Each Clifford geometric algebra provides a general vector analysis for a geometry of a higher dimensional vector space. Probably the simplest way to introduce them to the widest possible audience is to directly relate them to the most familiar mathematical object that fully captures their essence. By a geometric matrix algebra I mean a real or complex matrix algebra of order 2^n x 2^n. The simplest case, when n=1, is for 2×2 real or complex matrices. The next case, when n=2, is for 4×4 real and complex matrices. Once the reader understands these two important special cases, which cover the important geometric algebras of 3 dimensional Euclidean space and the 4 dimensional Dirac algebra of spacetime, referred to by Hestenes as spacetime algebra, all other geometric algebras can be constructed by taking Kronecker products of successive copies of the 2×2 real and complex geometric matrices.

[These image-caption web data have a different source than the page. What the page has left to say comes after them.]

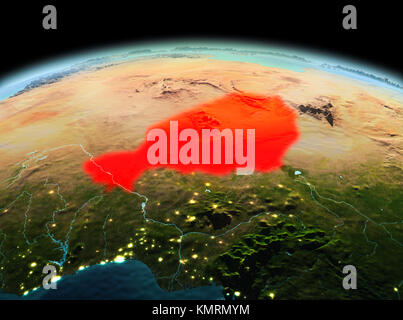 Morgen über Niger in Rot hervorgehoben auf dem Modell des Planeten Erde im Weltraum. 3D-Darstellung. Elemente dieses Bild von der NASA eingerichtet. Stockfoto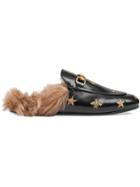 Gucci Princetown Embroidered Leather Mules - Black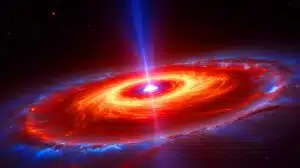 Illustration of a fast-growing black hole in the early universe.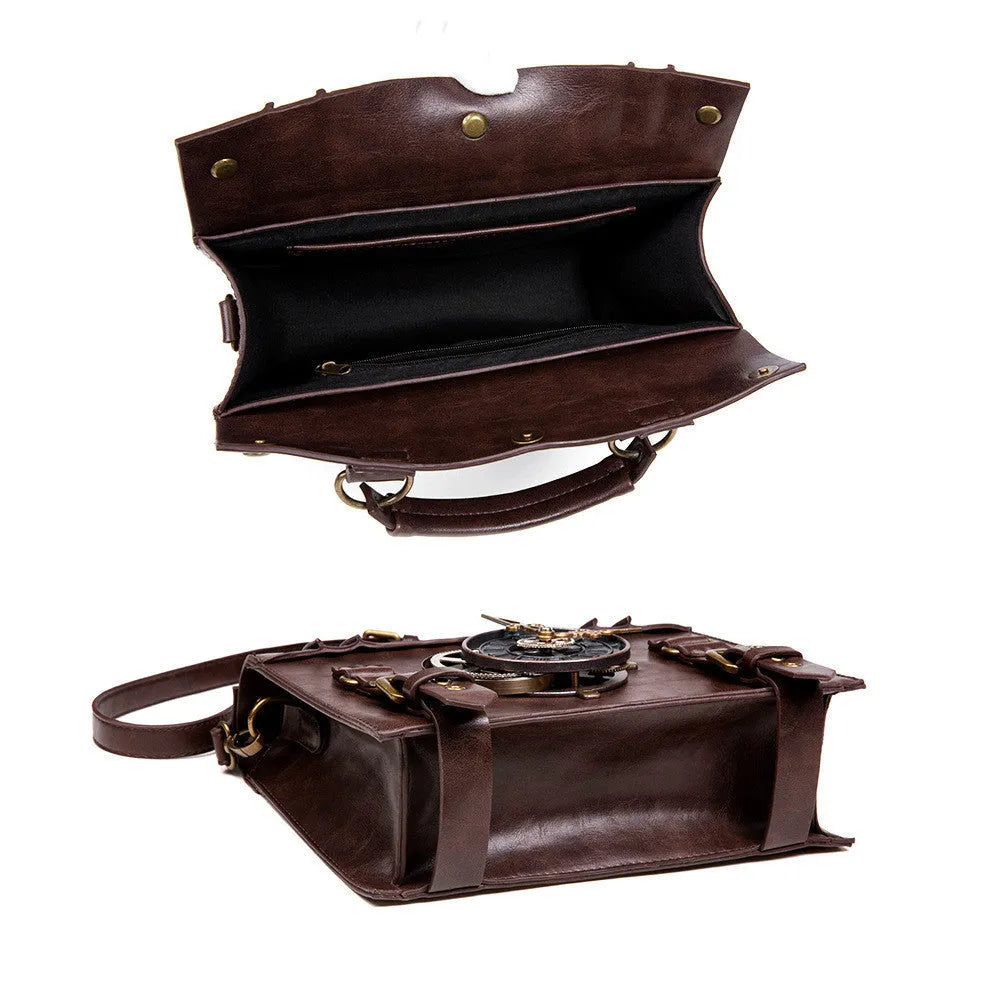 Bronze steampunk industrial retro style shoulder bag with horizontal pillow design and metal decorative elements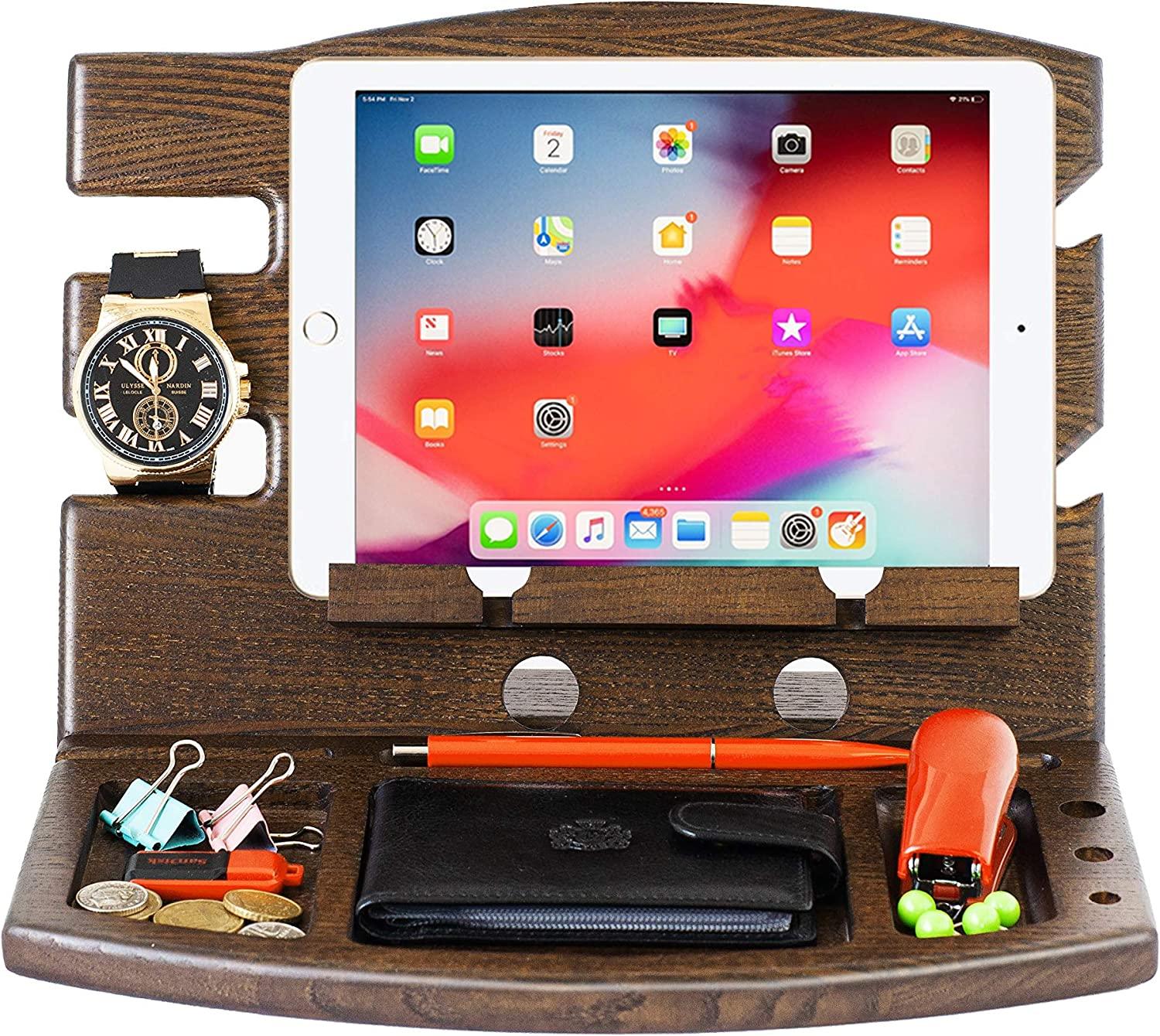 Wood Phone Docking Station Natural Ash Phone Key Holder Wallet Stand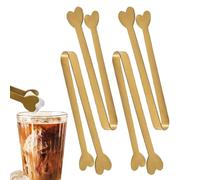 Pinze alimentari per il ghiaccio, che servono pinze in acciaio inossidabile | 4 pinze per barbecue facili,Design creativo a forma di cuore, una cucina di bloccaggio liscia fornisce cibo Grabber
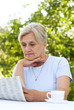 happy elderly woman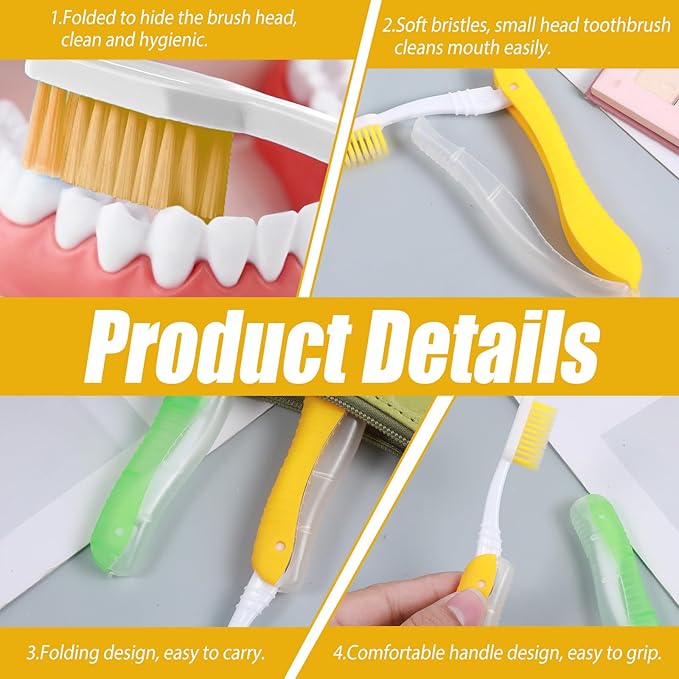 2 Packs Travel Toothbrushes, Portable Foldable Toothbrush Travel, Soft Medium Bristles Small Toothbrush for Camping Hiking Traveling School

This approach to geometric algebra is systematically explored in my new book, “Matrix Gateway to Geometric Algebra, Spacetime and Spinors”, available online here. A short 2 page introduction to geometric matrices, of orders 2×2 and 4×4, is provided in the Appendix of my article, “Notes on Plucker’s relations in geometric algebra”, to appear in Advances in Mathematics 363, 106959, March 2020. Elsevier has kindly provided a temporary free access link to this article, which can be found at this link.
I have no easy answer to this question. One of the main obstacles to teaching GA is the lack of powerful computer software to aid and check abstract hand calculations, although many new software products are becoming available. Two software packages that I have found to be useful in my teaching and research is the original stand-alone early numerical software package “CLICAL” by Lounesto, and the Mexican developed Mathematica Package [cliffordt.nb] 2007, by G. Aragon-Camarasa, J.L. Aragon, and M.A. Rodriguez. There are quite are a number of recent attempts to introduce GA at the undergraduate level that I am aware of. However, GA is still hardly recognized at all at the undergraduate level, as I firmly believe that it should be. I believe that it is the natural completion of the concept of number to include the concept of direction, and it should be taught that way down into the high school level. It is in this area that I have concentrated my own efforts. There is much left to be done to correctly lay down the foundations, even at a fundamental level, in order to facilitate progress at progressively more advanced levels in mathematics, physics, computer science, and engineering, including diverse areas such as quantum computing, robotics, the structure Lie groups and Lie Algebras, and artificial intelligence. The future lies in the hands of the younger generations.